近年の情報技術の飛躍的な発達や民主主義の発展に伴い、世論が外交政策に与える影響力はますます高まっている。外交政策を効果的に実施するためには、政府のみならず、各国の国民への直接的な情報発信や国民レベルでの交流の促進を通じて、日本への関心や親近感を高め、良好な対日イメージの形成に努めること(パブリック・ディプロマシー)が不可欠である。

このような観点から、外務省は、伝統文化やポップカルチャーを含む多様な日本文化の紹介、国際交流基金を通じた海外での日本語普及などを行っている。さらに、関係省庁や諸機関と連携を図り、在外公館(海外における日本の大使館・総領事館など)などを活用し、日本の強みや日本人の価値感及び地方の魅力を積極的に諸外国に発信している。

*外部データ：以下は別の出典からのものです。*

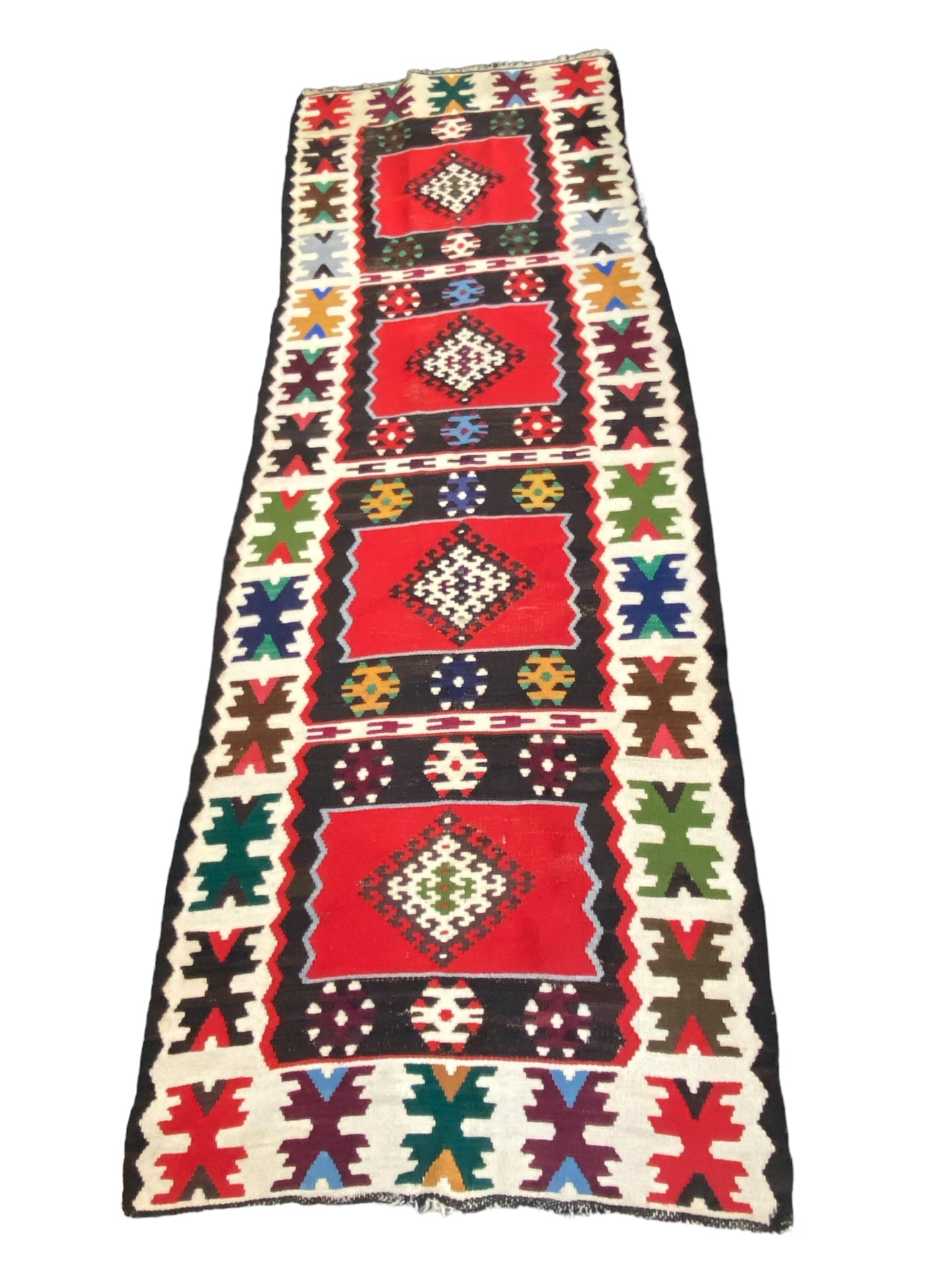 #7154 Tribal Old Hand Knotted Wool Anatolian Kilim Runner Rug, Anatolian 114"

国際世論に影響力を持つ有識者層をターゲットとした取組としては、海外のオピニオン・リーダー、ジャーナリスト、一定の指導的立場に就いている者又は将来活躍が期待される人々の日本への招へいや日本人有識者の各種国際会議への参加支援を行っている。開発途上国に対しては、文化無償資金協力の実施、国連教育科学文化機関(UNESCO・ユネスコ)などの国際機関との協力を通じ、文化遺産の保存・修繕や専門家の人材育成などの支援を行っている。

重要な外交課題に関する発信・広報にも重点的に取り組んでいる。東日本大震災後の風評被害対策及び日本ブランドの復活・強化については、在外公館を通じた地方の魅力発信プロジェクト及び対日理解促進のための招へい事業を展開するとともに、国際会議のサイドイベントの実施等を通じて、日本産品の安全性や東北を始めとする日本の地方の魅力等に関する海外発信を積極的に行った。

領土保全の分野では、国際主要メディアによる総理大臣や外務大臣、各国駐在大使へのインタビューの実施、有識者やメディアへの説明、IT広報の充実等により、世界各国で積極的かつ効果的な情報発信を行い、日本の基本的立場及び主張の正当性についての理解と支持の拡大に向けて積極的に取り組んでいる。

8月には、報道対策、国内外への広報、文化交流を統一的な司令塔の下で戦略的・有機的に実施することを目的として、外務省は、外務報道官・広報文化組織を新設する機構改編を行った。また、日本の広報文化外交の取組を強化することを目的として、外務大臣を本部長とするパブリック・ディプロマシー戦略本部を設置し、10月に第1回会合を開催の上、広報文化外交の基本的な考え方や今後の広報戦略などについて議論を行った。さらに、内閣官房とともに国際広報連絡会議を開催し、国際広報分野における他省庁との連携にも取り組んでいる。